So Vail, 61, a disabled Vietnam-era veteran, took it upon himself to keep kids safe by directing traffic, escorting students across the street and encouraging them not to walk between the buses parked on Lyme Street.

"I saw the danger," he said. "I didn't want to see anyone get hurt."

School officials say they welcomed Vail's effort and even went as far as to buy him a green reflective vest and hand-held stop sign to help him do his thing. They also contacted city police about the safety issues in the school's vicinity and developed a plan for traffic flow, and say they sent reminders home to parents about being careful when dropping off and picking up their children. And recently Vail was hailed for his efforts in the school newsletter.

Jay Mihalko, the school's dean of students, also intervened when a few parents complained about what Vail was doing or got into disagreements with him.

"We had to keep bringing it back to child safety and remind them that Ray was out there to help," Mihalko said.

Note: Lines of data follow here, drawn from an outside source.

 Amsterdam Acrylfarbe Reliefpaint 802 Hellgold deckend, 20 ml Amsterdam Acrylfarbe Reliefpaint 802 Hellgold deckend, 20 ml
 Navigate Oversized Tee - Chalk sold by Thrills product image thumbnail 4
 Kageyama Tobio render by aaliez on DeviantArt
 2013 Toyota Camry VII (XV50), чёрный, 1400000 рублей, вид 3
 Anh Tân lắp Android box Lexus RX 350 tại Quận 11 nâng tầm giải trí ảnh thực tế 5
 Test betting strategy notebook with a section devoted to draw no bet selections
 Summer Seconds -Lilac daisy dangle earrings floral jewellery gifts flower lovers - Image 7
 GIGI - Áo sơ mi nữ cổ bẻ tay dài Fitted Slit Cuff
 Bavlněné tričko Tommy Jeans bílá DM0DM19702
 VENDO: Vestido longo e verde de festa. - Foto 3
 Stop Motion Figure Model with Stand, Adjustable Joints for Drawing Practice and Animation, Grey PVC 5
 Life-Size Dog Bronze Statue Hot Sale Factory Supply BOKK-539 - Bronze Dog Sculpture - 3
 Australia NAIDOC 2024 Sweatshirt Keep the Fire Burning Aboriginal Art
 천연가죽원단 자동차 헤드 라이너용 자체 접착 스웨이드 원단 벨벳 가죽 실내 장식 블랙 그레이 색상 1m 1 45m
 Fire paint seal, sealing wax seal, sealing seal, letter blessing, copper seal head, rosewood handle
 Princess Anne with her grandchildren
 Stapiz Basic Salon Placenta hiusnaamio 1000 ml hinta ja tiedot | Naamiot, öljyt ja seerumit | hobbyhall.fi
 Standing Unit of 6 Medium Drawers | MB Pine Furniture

In the meantime Vail continued to lobby police for more presence, got dozens of parents to sign a petition asking the city for three school zone signs, two painted pedestrian crosswalks and an additional crossing guard.

Two weeks ago, the extra crossing guard showed up, but Vail has yet to see any additional signs or painted crosswalks. At the time he said it didn't matter, because he wasn't going anywhere until his requests were answered.

"I can't let it go," he said.

But Tuesday, after his morning shift, Vail said he got a call from a police officer telling him that if he didn't stop directing traffic or crossing children other than A'netrice, he would be arrested for obstructing traffic.

"It's unbelievable," Vail said. "Two weeks ago he told me what a wonderful job I was doing."

Hartford Police Chief Daryl K. Roberts said he applauded Vail's initiative, but when parents complained, the department had to do its job and enforce the law.

"It could be a public safety issue," Roberts said. "It's a sad commentary, though. He was just trying to do something that's right and good."

Mihalko said that, setting aside the new restrictions on Vail, the school still wants him to stay involved and finish what he started with safety improvements for the students and beyond.

"He still has quite a presence with the kids. They really look up to him," Mihalko said, adding that the school planned to put Vail's drive and energy to use in other areas.

Vail said he'll stay out of the street and escort only A'netrice to and from school from now on. But he plans to monitor the situation from the sidelines, write down license plate numbers if he sees wrongdoing and get the pedestrian lines done.

"And if it's a situation where I see a kid about to get hit, I won't just stand and watch it happen," he said.